Here we show that cell surface area depends on actomyosin contractility and is regulated by physical properties of the supporting matrix. Moreover, we find that chondroitin sulfate proteoglycans (CSPG), molecules associated with non-permissive growth properties within the central nervous system (CNS), block cell surface spreading. Most importantly, the inhibitory effects of CSPG on plasma membrane extension were completely prevented by treatment with inhibitors of actomyosin contractility and by RNAi mediated knockdown of myosin II. In addition, we found that reductions of plasma membrane area were accompanied by changes in the rate of fluid-phase endocytosis.

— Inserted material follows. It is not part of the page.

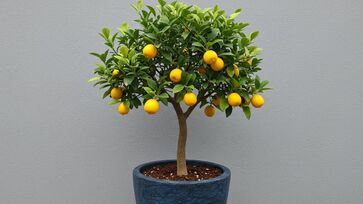 Com poda e cuidados corretos, árvores podem dar frutos até dentro de casa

In summary, our results establish a novel connection between endocytosis, cell surface extension and actomyosin contractility. These findings open up new possibilities of how to promote the morphological differentiation of oligodendrocytes in a non-permissive growth environment.
See related minireview by Bauer and ffrench-Constant: http://www.jbiol.com/content/8/8/78
During their life cycle many cells undergo dramatic changes in their cell morphology including rapid alterations in shape and surface area. One way by which cells change their surface area is to alter membrane traffic between surface and interior. For example, loss of integrin-mediated adhesion during tumor cell growth triggers the rapid caveolin-mediated endocytosis that leads to cell rounding [1–3]. Another example is the cell surface area change that occurs during mitosis. At the onset of mitosis the mother cell starts to round up, and subsequently recovers when entering into anaphase. These changes of plasma membrane area are regulated by changes in endosomal membrane traffic .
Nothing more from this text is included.